Passenger list for SS Perthshire


Very early on I decided that memories and stories were not sufficient, and tracing my ancestors required meticulous recording of factual Information taken from Certificates, Wills, Parish Registers, Microfilms, Transcripts and any other source I could find. Essentially I kept diaries and notebooks, with as much detail as possible, about individuals, dates, places, visits made and facts discovered, so that it was possible to cross reference and to ensure that I was not examining the same source over and over again, unless I needed to.

The villages and areas around East Witton, Coverham, Middleham or North Yorkshire still seem to be the place of origin of 9 generations of my own ancestors.

One particular baptism record for another James Vayro, born 1795, was missing until a parish register turned up at North Yorkshire County Records Office to make a link back three generations. His parents were known, and siblings' records were available, and persistence eventually brought success.
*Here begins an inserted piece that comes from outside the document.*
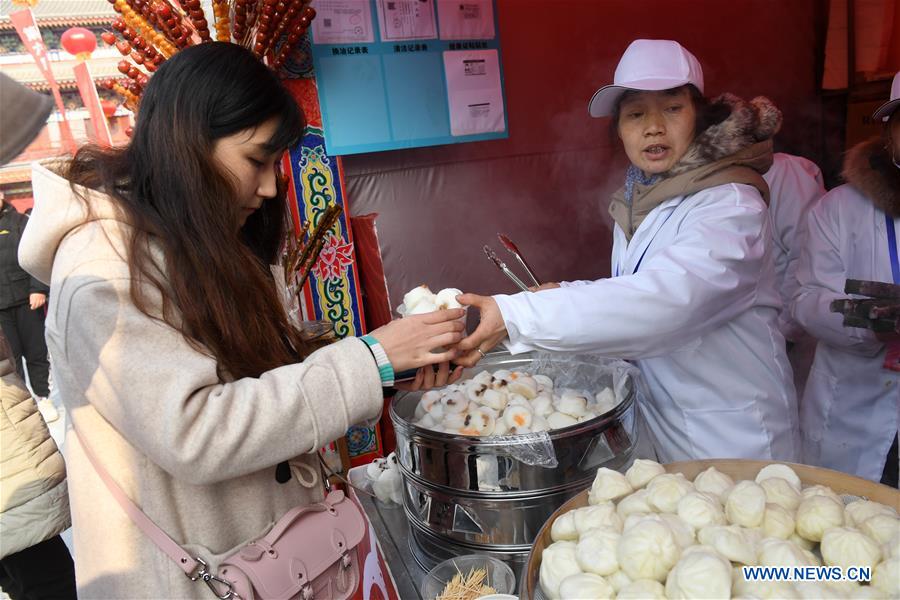 CHINA-BEIJING-SPRING FESTIVAL-TEMPLE FAIR (CN)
Recent contacts made across the United Kingdom, long lost relatives and others who are now close friends, have enabled me to share information and our database contains over 1500 names and identifies nine distinct generations and beyond. In Genealogical terms this is only minimal, and the tip of the iceberg. But my research continues to build up an unseen and unfinished jigsaw puzzle. The starting point was the living relatives, dealing with the present before looking into the past for further evidence.